Exercise goal:
Each line of the listing must be transcribed exactly, except for the images, which should be excluded.

━━━━━ Records supplied

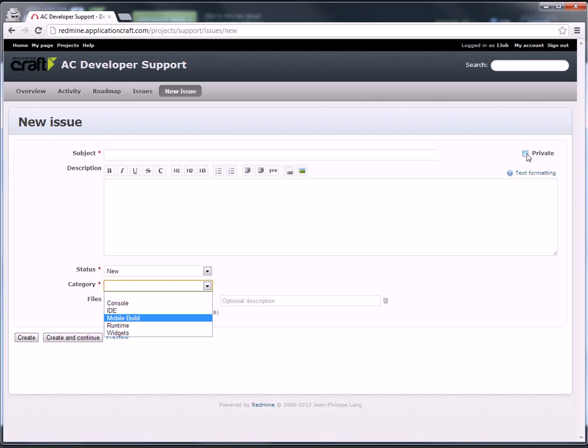You also have the ability to make this a private post that is only accessible then to you and to our staff. Please use this sparingly. The more information that is publicly available, the better it will be for the community to see what's happening and what has also been reported.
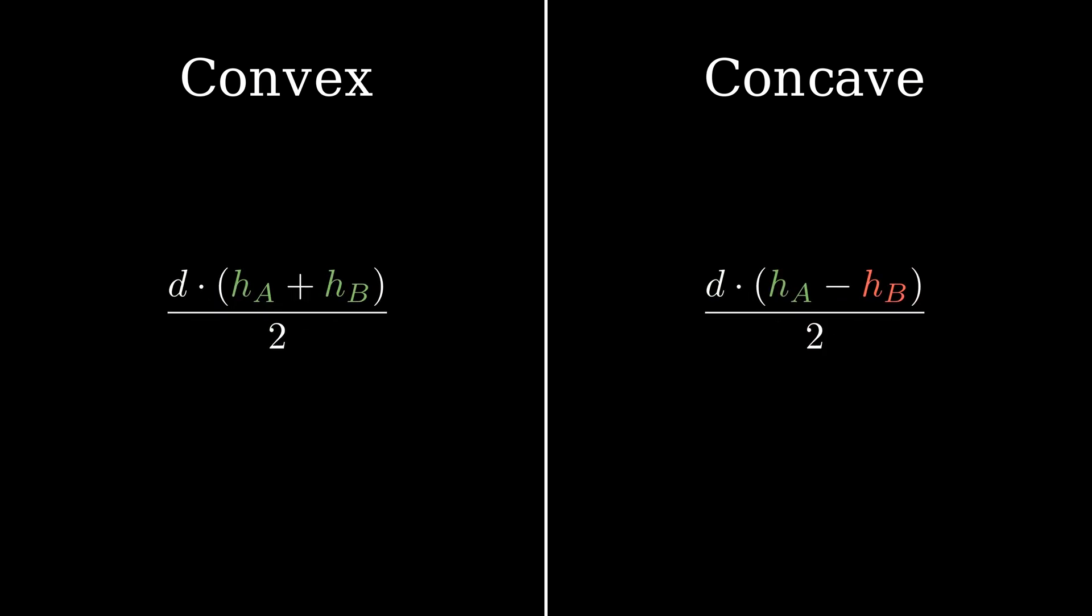Plugging our formulas for both triangles, we quickly get the result that the area of any quadrilateral is the diagonal times the sum or difference of heights over 2, giving us the final formula of quadrilaterals for this video.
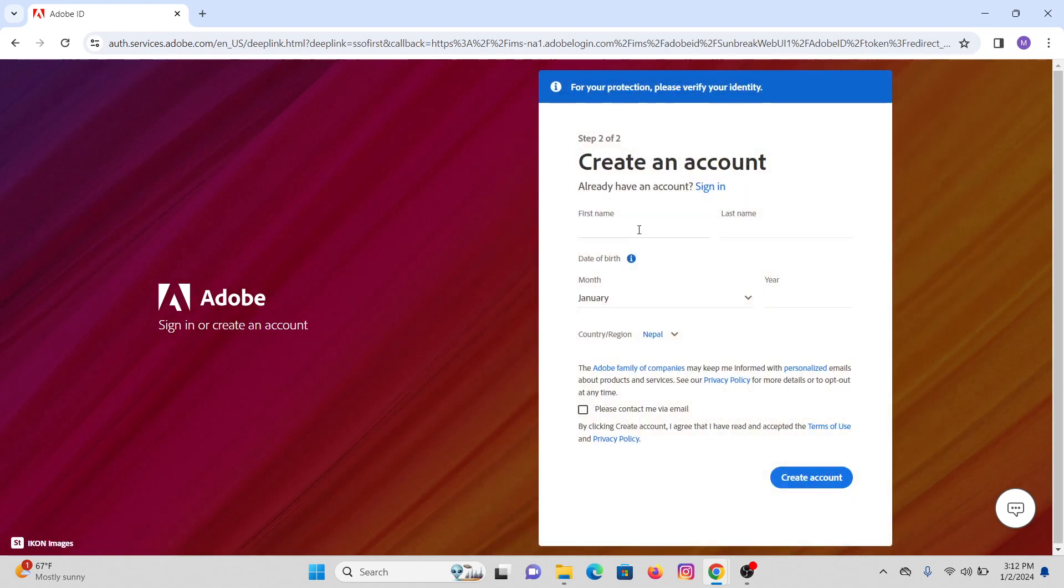Now in here, provide your first name, your last name, your date of birth, and your country of residence. After that, make sure to check the mark that says please contact me via email so you will receive any emails from Adobe.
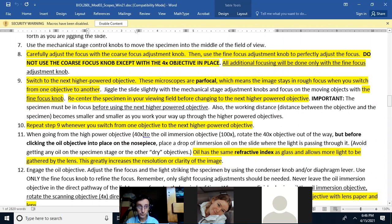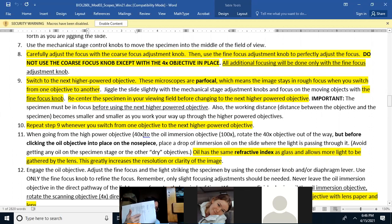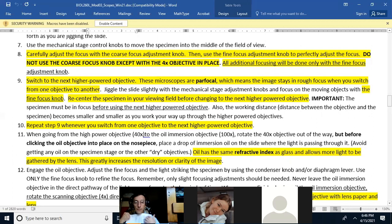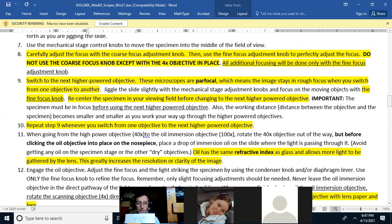When you look at an object under a microscope, move it to the center of your field of view before switching to the next higher objective lens. If you don't, the smaller field of view of the higher lens may no longer show the object. Every time you go up in power to the next objective lens, always move the object you're looking at to the center of your field of view first.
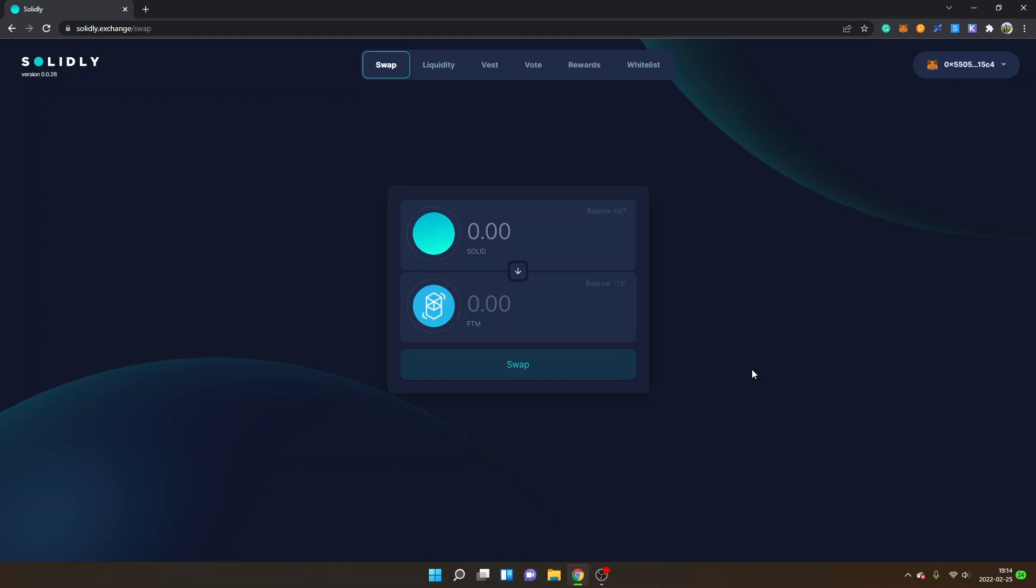Hey, welcome to this video. My name is Johannes. In this video, I'm going to give you a Solidly Exchange tutorial on how to add liquidity, stake, and earn solid rewards. This is Andre Cronje's new project on Fantom network.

━━━━━━━━━━

Your solution:
You also have the ability to make this a private post that is only accessible then to you and to our staff. Please use this sparingly. The more information that is publicly available, the better it will be for the community to see what's happening and what has also been reported.
Plugging our formulas for both triangles, we quickly get the result that the area of any quadrilateral is the diagonal times the sum or difference of heights over 2, giving us the final formula of quadrilaterals for this video.
Now in here, provide your first name, your last name, your date of birth, and your country of residence. After that, make sure to check the mark that says please contact me via email so you will receive any emails from Adobe.
When you look at an object under a microscope, move it to the center of your field of view before switching to the next higher objective lens. If you don't, the smaller field of view of the higher lens may no longer show the object. Every time you go up in power to the next objective lens, always move the object you're looking at to the center of your field of view first.
Hey, welcome to this video. My name is Johannes. In this video, I'm going to give you a Solidly Exchange tutorial on how to add liquidity, stake, and earn solid rewards. This is Andre Cronje's new project on Fantom network.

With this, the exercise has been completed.